About 31 percent of companies use at least three social media channels and only 19 percent of companies still have no official corporate social media presence.

"The fact that twice as many Asian multinationals are using branded social media channels this year compared to last underlines the opportunity for global corporate communications on digital platforms based in Asia," said Bob Pickard, president and CEO of Burson-Marsteller Asia-Pacific. "Companies in Asia are approaching Western levels of adoption but there's a long way to go when it comes to community engagement in cultures where 'face' remains more important than Facebook."

Micro-blogging

The Burson-Marsteller Asia-Pacific Social Media Study reviews and analyses social media activity by 120 major companies across 12 markets in Asia Pacific -- Australia, China, Hong Kong, India, Indonesia, Japan, Malaysia, Philippines, Singapore, South Korea, Taiwan and Thailand. 

Findings of the study show that 28 percent of companies use micro-blogs for corporate marketing and communications, and overall, companies in Asia continue to use social media to 'push' news and information at users, rather than engage in discussions.

Only nine percent of firms surveyed use corporate blogs for corporate marketing and communications.

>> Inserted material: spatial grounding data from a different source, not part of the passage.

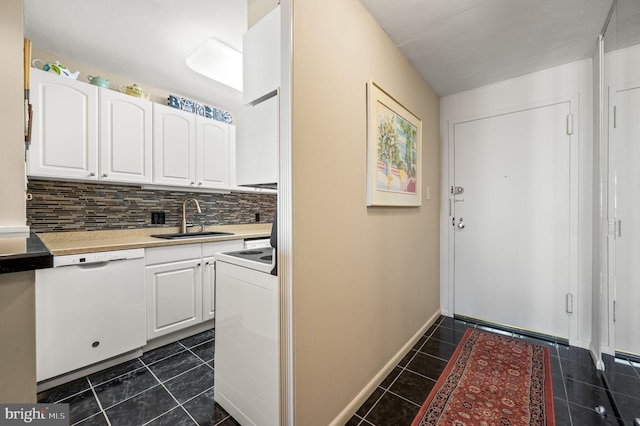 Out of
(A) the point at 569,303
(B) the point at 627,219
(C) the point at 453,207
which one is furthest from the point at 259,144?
(A) the point at 569,303

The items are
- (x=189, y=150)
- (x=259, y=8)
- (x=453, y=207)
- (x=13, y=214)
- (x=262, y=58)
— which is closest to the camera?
(x=13, y=214)

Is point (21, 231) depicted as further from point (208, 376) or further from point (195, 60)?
point (195, 60)

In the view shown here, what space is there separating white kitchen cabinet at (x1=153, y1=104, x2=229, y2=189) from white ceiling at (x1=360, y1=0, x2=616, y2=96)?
1910 mm

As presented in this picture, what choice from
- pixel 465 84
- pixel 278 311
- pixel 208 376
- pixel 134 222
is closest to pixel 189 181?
pixel 134 222

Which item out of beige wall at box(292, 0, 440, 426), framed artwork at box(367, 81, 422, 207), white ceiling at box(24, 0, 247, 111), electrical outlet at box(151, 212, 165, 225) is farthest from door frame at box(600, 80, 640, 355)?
electrical outlet at box(151, 212, 165, 225)

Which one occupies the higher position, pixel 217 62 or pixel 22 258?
pixel 217 62

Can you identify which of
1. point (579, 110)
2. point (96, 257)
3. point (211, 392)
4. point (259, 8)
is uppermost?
point (259, 8)

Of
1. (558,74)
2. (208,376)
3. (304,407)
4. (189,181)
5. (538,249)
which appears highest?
(558,74)

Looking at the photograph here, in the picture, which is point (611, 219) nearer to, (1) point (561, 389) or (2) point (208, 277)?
(1) point (561, 389)

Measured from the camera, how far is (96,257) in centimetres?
183

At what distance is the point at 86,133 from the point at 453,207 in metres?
3.33

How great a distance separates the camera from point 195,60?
2248 millimetres

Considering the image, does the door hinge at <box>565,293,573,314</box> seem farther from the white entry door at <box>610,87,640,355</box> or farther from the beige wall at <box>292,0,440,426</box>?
the beige wall at <box>292,0,440,426</box>

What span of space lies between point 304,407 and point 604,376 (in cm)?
208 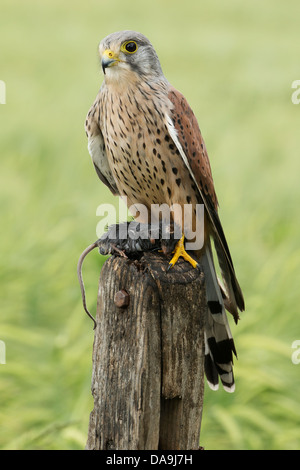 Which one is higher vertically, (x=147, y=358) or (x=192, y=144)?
(x=192, y=144)

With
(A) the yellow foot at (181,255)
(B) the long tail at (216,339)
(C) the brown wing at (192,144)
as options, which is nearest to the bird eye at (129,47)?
(C) the brown wing at (192,144)

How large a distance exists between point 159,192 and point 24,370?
1881 mm

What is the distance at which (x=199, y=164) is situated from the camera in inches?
127

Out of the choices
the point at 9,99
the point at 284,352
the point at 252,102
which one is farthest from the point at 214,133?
the point at 284,352

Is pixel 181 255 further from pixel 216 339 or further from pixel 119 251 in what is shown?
pixel 216 339

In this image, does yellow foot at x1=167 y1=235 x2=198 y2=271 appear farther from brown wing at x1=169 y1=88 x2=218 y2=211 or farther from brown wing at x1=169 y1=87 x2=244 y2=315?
brown wing at x1=169 y1=88 x2=218 y2=211

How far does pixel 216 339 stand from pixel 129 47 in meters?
1.50

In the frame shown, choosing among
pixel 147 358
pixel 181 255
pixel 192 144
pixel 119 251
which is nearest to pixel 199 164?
pixel 192 144

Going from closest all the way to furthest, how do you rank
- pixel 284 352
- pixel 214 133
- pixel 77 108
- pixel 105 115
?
pixel 105 115 → pixel 284 352 → pixel 214 133 → pixel 77 108

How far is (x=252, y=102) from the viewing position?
30.7 feet

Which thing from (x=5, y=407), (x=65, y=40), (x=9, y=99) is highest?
Answer: (x=65, y=40)

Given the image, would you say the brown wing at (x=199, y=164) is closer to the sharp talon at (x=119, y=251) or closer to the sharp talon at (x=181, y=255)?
the sharp talon at (x=181, y=255)

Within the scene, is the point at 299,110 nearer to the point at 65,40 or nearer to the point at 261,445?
the point at 65,40

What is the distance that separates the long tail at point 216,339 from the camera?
316 cm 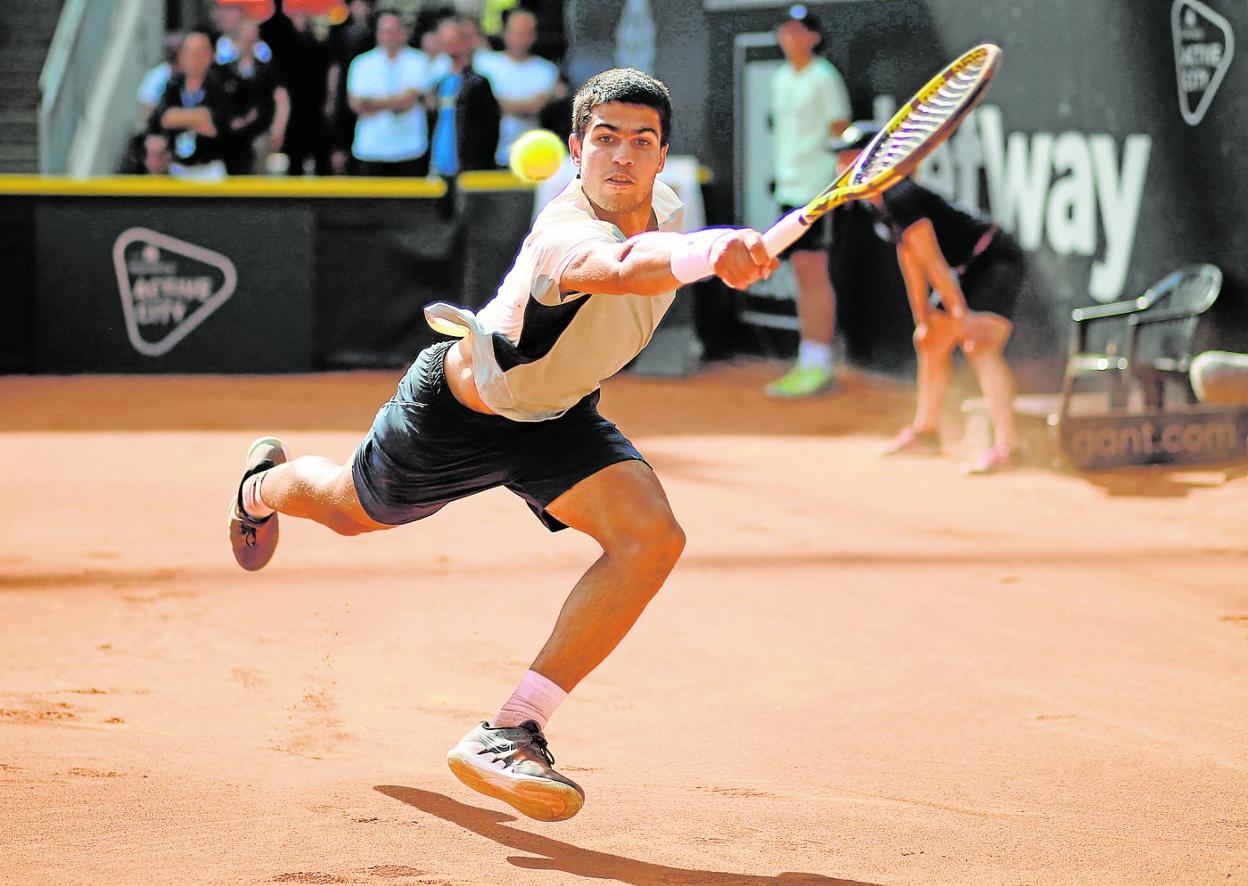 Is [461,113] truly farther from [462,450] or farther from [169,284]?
[462,450]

"Companies in Asia currently lack the perspective and resources to develop and protect their brands in a strategic, structured and measurable manner using social media", said Charlie Pownall, Burson-Marsteller's lead digital strategist for Asia-Pacific. "Asia-based corporate decision-makers expect Web-based crises to impact their businesses in the next 12 months; hence we expect a much sharper focus on proactive reputation management and greater participation in online conversations going forward."